The rule of thumb is that a quarter of all signatures are always invalid. People sign twice or don't know what county they live in or aren't really registered to vote, so you have to turn in at least 25 percent more than the amount really needed to get on the ballot.
When Jack Kevorkian was riding high, he and his supporters tried to get an amendment on the ballot; he told me he thought he could get enough in a few days. They never came close.
And recalling a governor is much, much harder. Michigan Citizens United can't legally start collecting signatures till July 1. Then, they have to collect 807,000 valid signatures by Oct. 1 — well more than twice the number needed for a constitutional amendment. Practically speaking, they'd need more.
Many, many more. Citizens United estimates they'd have to collect 1.1 million signatures. According to their website, as I write these lines on May 1, the group now has $5,695 in the bank.
They would need a $1.5 million, at a minimum, to have a prayer. By the way, even if they succeeded, a recall election couldn't be called till next year. Legally, they now can hold a vote only at the next regularly scheduled election, and no sooner than 95 days after the recall petitions are filed. That means February 2012.
Plus, if they succeeded, Jesus would not become governor. Lt. Gov. Brian Calley would take over. You might want to read up on his voting record before you pull that ripcord, comrades.
Incidentally, getting a recall on the ballot does not automatically mean it will be successful. Some anti-tax fanatics did collect enough signatures to get a recall on the ballot for former Speaker of the House Andy Dillon, back in 2008.
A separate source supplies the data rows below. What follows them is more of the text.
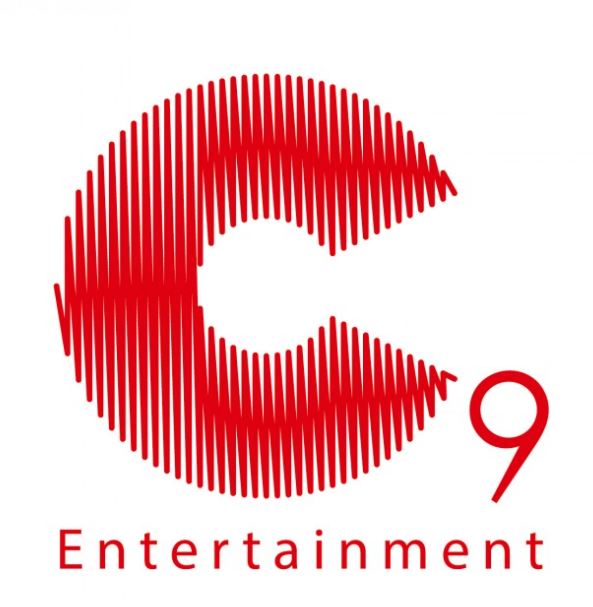 이석훈 C9과 재계약...가수,뮤지컬,예능을 넘나드는 아티스트 < 연예 < 연예·스포츠 < 기사본문 - 내외뉴스통신 이석훈 C9과 재계약...가수,뮤지컬... 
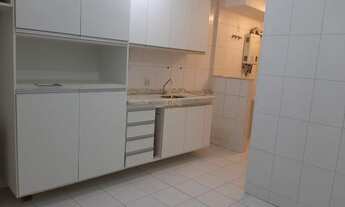 Imagem 5: Ótimo Apartamento no Jardim Paulista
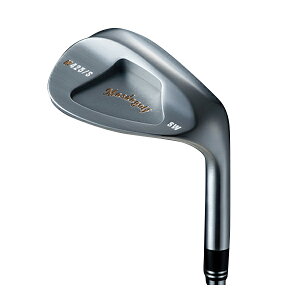 Masda golf }X_St M425 Xg[g m[bL #SW tgp58° wbhPi̔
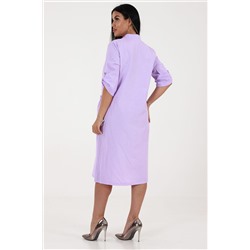 Платье 31740 НАТАЛИ, 898981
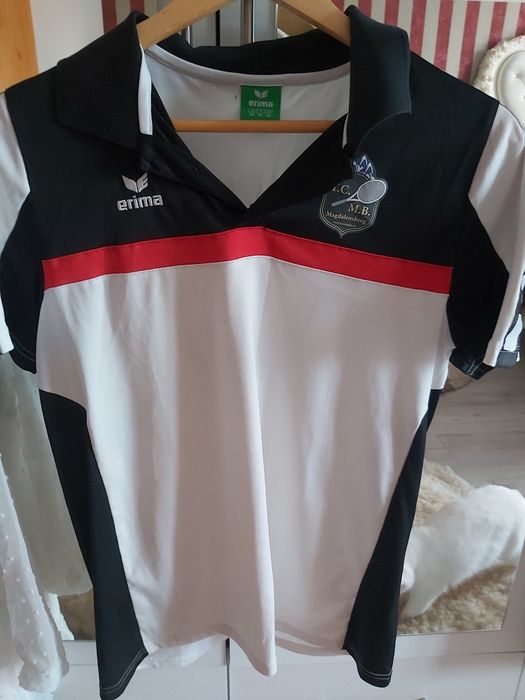 Tricou sport băieți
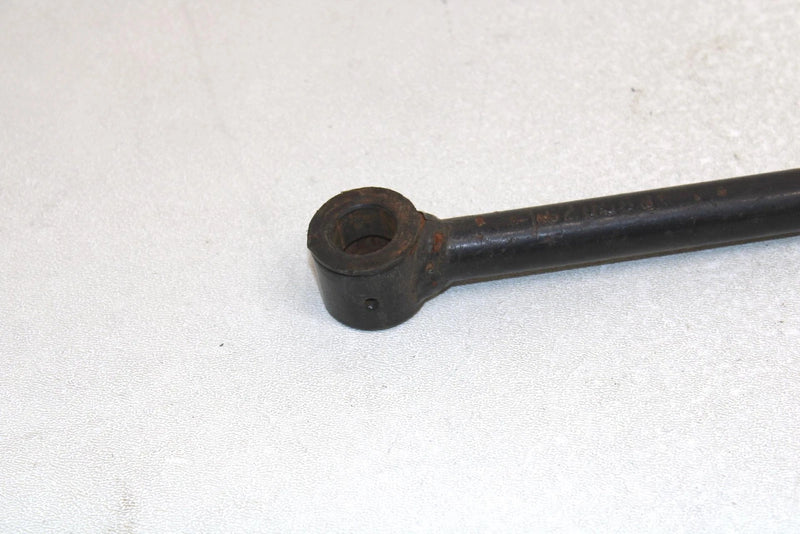 99 Polaris Xc Sp 600 Oem Upper Radius Rod 1820588-067 1822475-067 SP176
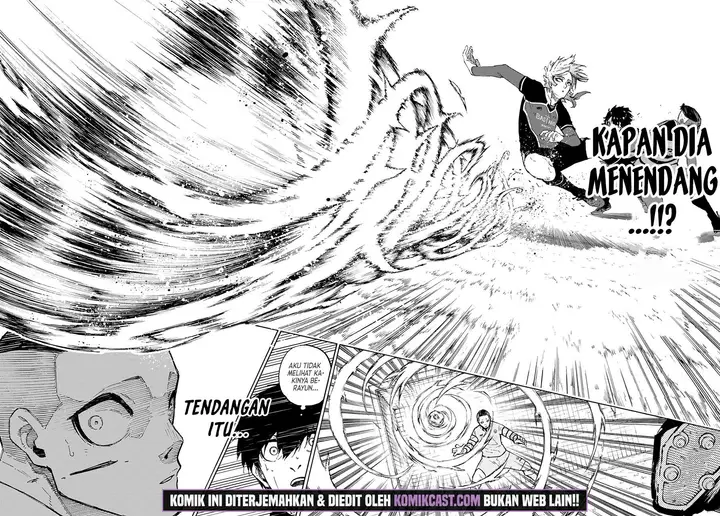 image-komik-blue-lock-chapter-162-13/17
Guess what. Voters said no. By the way, the state doesn't pay for a recall election. Every already-cash-strapped city and county and township has to bear the costs in their area.
(You don't have to take my word for any of this; look online, or call the Michigan Secretary of State elections division: 517-373-2540.)
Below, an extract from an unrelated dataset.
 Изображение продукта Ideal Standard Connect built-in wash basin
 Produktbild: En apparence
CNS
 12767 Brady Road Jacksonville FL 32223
Last week, after I said here and elsewhere that I was opposed to a recall, I was savagely attacked by a number of people, including one Regina Bruner Markowicz of Macomb County, who wrote to me that "your thinking is no longer impartial ... you are led by opinion rather than facts. You will soon become irrelevant ... our family cast its vote, and it is anti-Jack Lessenberry. You are not (any) longer our friend."
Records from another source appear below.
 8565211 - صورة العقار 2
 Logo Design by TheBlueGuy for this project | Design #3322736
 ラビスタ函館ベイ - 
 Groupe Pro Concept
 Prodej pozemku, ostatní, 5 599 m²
Well, hey, my dog Ashley still likes me, at least when he wants to play ball. However, I have just presented a whole lot of facts above.
But at the risk of being hated even more by the Family Markowicz, I would still be opposed to a recall even if I thought one could be achieved. (Full disclosure: I did not vote for Rick Snyder.)
I strongly oppose his cuts to education at all levels — though there are a lot of good proposals in his education policy itself.
I think ending the Earned Income Tax Credit (or EITC) for the working poor is not only socially and morally terrible, it is foolish, and will cost us all more in the long run. I also think ending tax credits for the film industry is a mistake.
Yet the voters of the state of Michigan elected Snyder by a landslide. During the campaign he said he was against the film tax credit and said he would give big tax breaks to business. He also said he was against raising the income tax to compensate. Did we really think he was going to balance the budget by finding a platinum mine under the governor's office?
Everyone should have seen this coming. However, there's another huge piece of this that everyone is missing. There is another, easier way to stop these policies. Contrary to popular opinion, Rick Snyder cannot pass laws all by himself. Matter of fact, he can't pass them at all. The Legislature has to approve any laws.